* Oil and gas output disappoint
* Shares fall 5 percent
* 2nd-qtr profit $2.07/share vs Street view $2.53
By Anna Driver
Aug 2 Apache Corp on Thursday reported a lower-than-expected quarterly profit as oil and gas output fell short of Wall Street expectations and weak prices also hurt results.
The second-quarter results sent Apache's shares down 5 percent in afternoon New York Stock Exchange trading.
The company's oil and gas production rose 3.4 percent to a record high in the quarter but fell short of Wall Street estimates. The lower-than-expected output was a factor in the earnings miss, analysts at Houston energy investment bank Simmons & Co told clients in a note.
Unexpected downtime in places including the North Sea and the Gulf of Mexico shelf cost the company 16,000 barrels of oil equivalent (boe) per day in the quarter, Apache said.
"We had a confluence of things that hit us all in one quarter which you usually get over the whole years," Steve Farris, Apache's chief executive officer said on a conference call.
Worries about the health of the global economy and easing tensions in the Middle East pushed crude oil prices lower in the second quarter, while U.S. natural gas prices plummeted from a year earlier amid bountiful supplies.
The oil and gas producer's second quarter net income was $337 million, or 86 cents per share, compared with $1.24 billion, or $3.17 per share, in the same quarter a year earlier.
Excluding one-time items, the company earned $2.07 per share. On that basis, analysts expected $2.53 per share, according to Thomson Reuters I/B/E/S.
Oil and gas production rose to 774,486 boe per day from 748,519 boe per day a year earlier.

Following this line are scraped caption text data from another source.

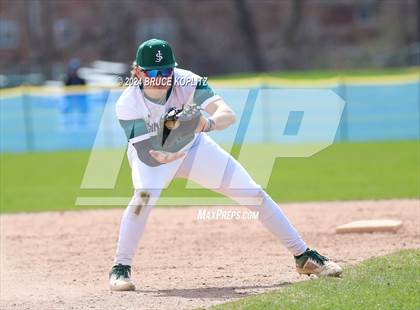 Thumbnail 2 in St. Joseph @ Millburn (Scrimmage) photogallery.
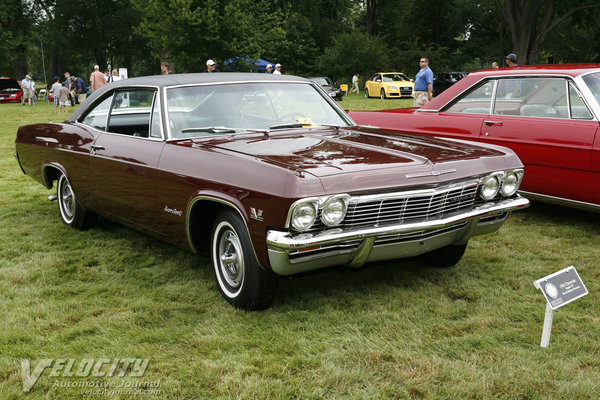1965 Chevrolet Impala SS 2d hardtop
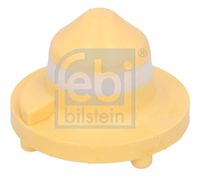 Anschlagpuffer, Federung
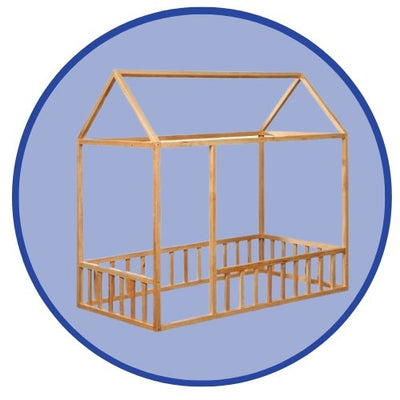 Montessori - Monkey Bunks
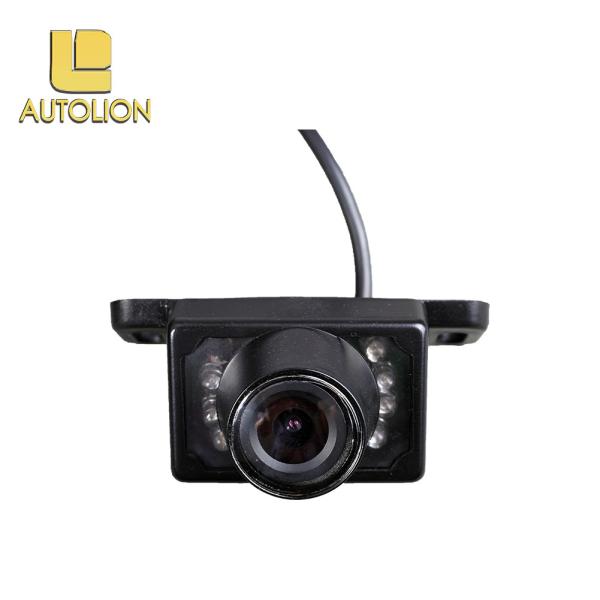 Cheap Video Signal Car Rear View Parking System 135 Degree With 628 * 586 Pixels for sale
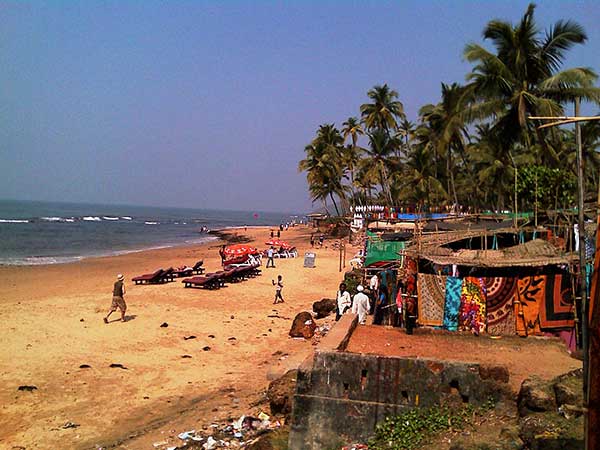 Best beaches in Goa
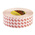 3M 9088 Transparent Double Sided Plastic Tape, 50mm x 50m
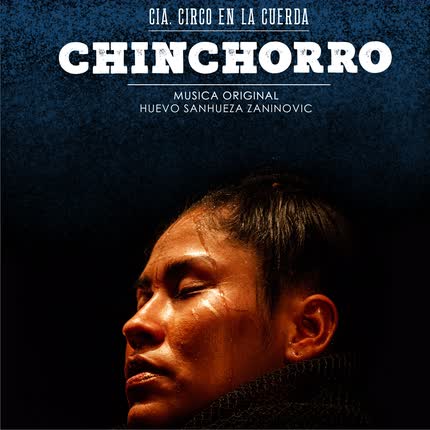 Carátula HUEVO SANHUEZA ZANINOVIC - Chinchorro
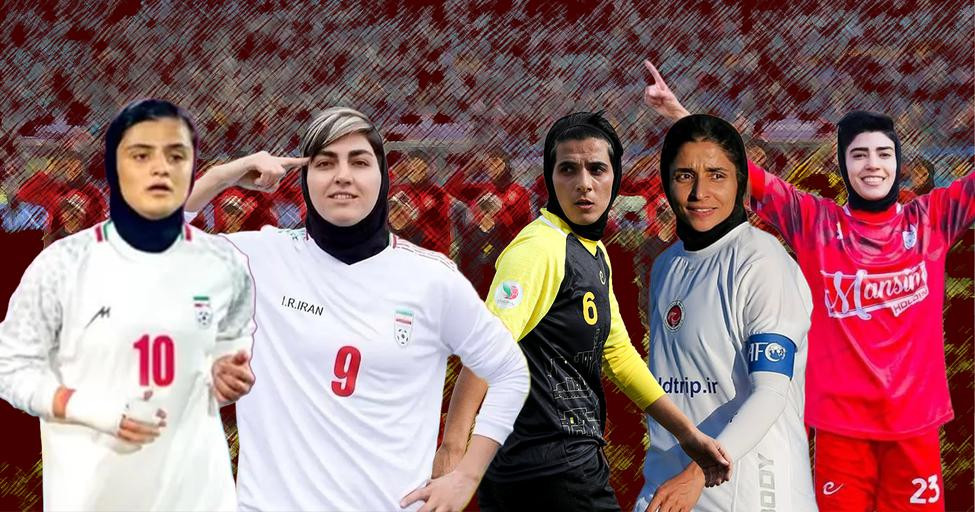 „Trădătoarele“ din Iran, susținute de „Hagi“ al perșilor: postarea sa, explozivă!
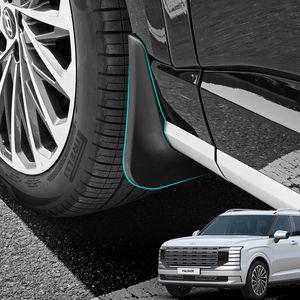 차덕후 자동차 디올뉴 팰리세이드 LX3 튜닝 순정형 머드가드 차량용 악세사리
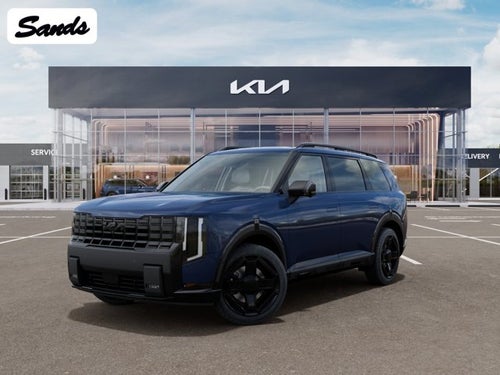 2027 Kia Telluride Hybrid X-Line SX-Prestige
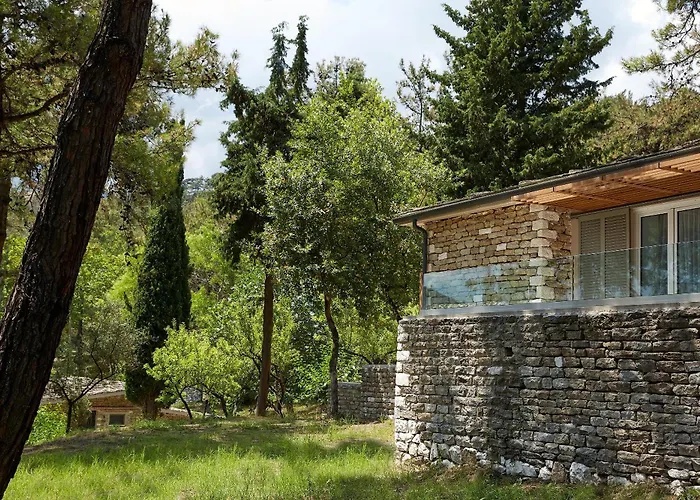 마크리아모스 방갈로 Makriammos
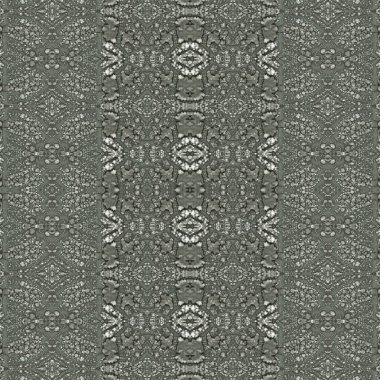 Kusursuz kaleydoskop deseni. Soyut doku. Yaratıcı ve kusursuz bir arkaplan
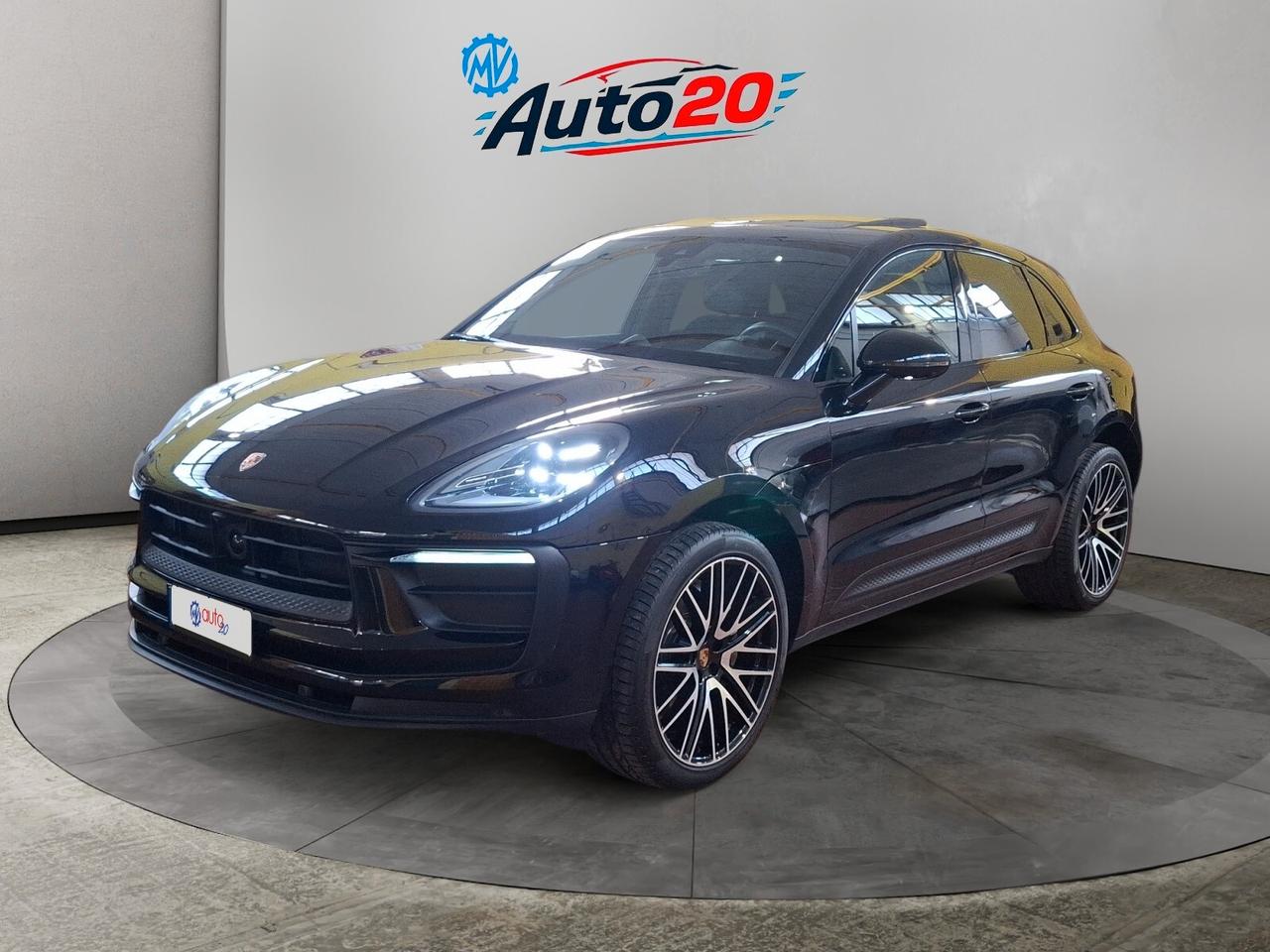 Porsche Macan 2.0 T PDK FULL OPTIONALS NOLEGGIO lungo termine
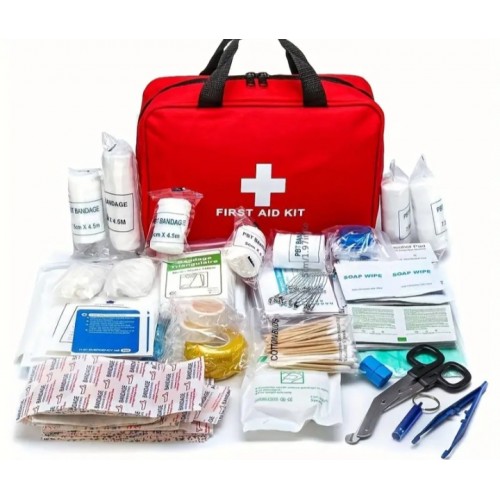 Medinet United Car Portable Emergency Kit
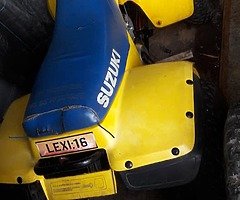2015 Swap for blaster proshark+lt50 Lt50+100cc proshark - Image 7/8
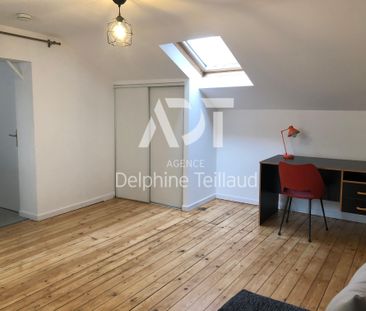 Location Appartement 1 pièce 16m² GRENOBLE 38000 - Photo 4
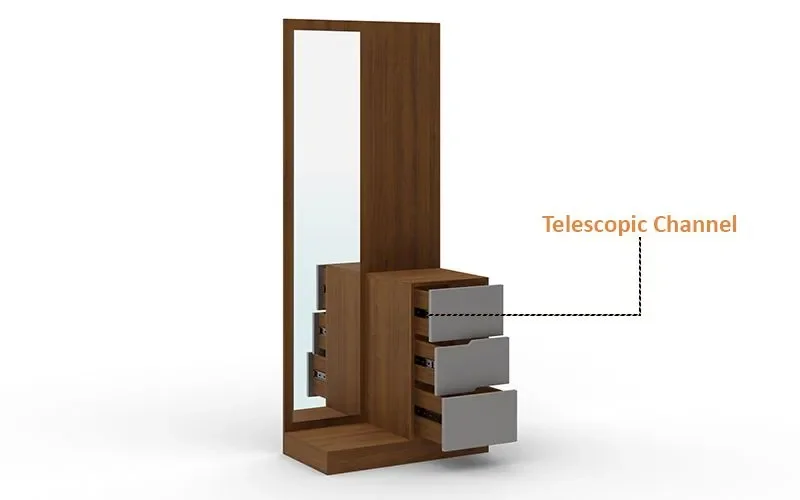 TRENTO ITALIAN DRESSER BY ROYALOAK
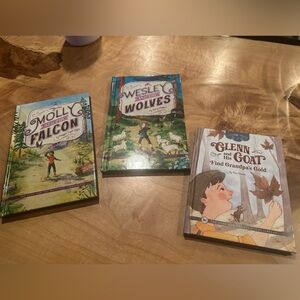 Good and Beautiful Books- level 2- Brand New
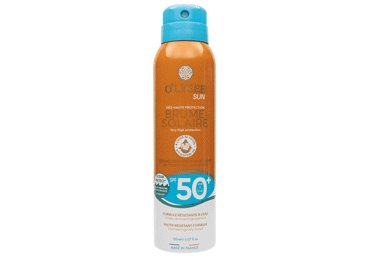 O'LYSEE, SUN, apsauginė dulksna, SPF50+, 150 ml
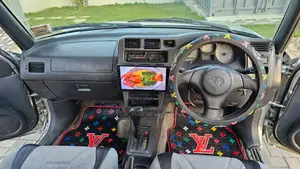 Toyota RAV4 Base FWD 1999 Silver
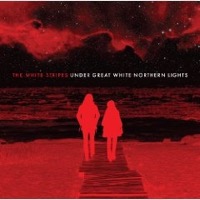 White Stripes: Under Great White Northern Lights (CD/DVD)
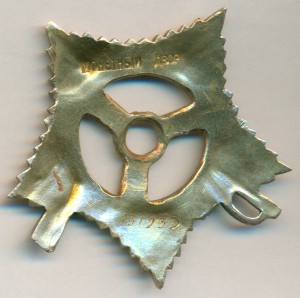 Oтечеcтвенная Вoйна  1 cт. № 131 ХХХ, точнее штрал!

Simmons & Co had estimated Apache's production at 795,000 boe per day, while Barclays expected 785,000 boe per day.
Houston-based Apache received an average of $97.66 per barrel in the quarter, down 8 percent from a year earlier. The gas price it received for its production tumbled 35 percent, the company said.
Revenue fell 8 percent to $3.97 billion. Analysts expected $4.26 billion.
Apache has 3 million acres in the Permian Basin in West Texas. About 36 rigs are currently running there, and Permian production increased 5 percent in the second quarter over the year-ago period, Chief Executive G. Steven Farris said in a statement on Thursday.
Apache has steadily been acquiring acreage in the Permian Basin since 1991. The company's position there was substantially boosted by a 2010 acquisition from BP Plc and its merger with Mariner Energy.
Shares of Apache fell $4.41 to $82.45 in afternoon New York Stock Exchange trading.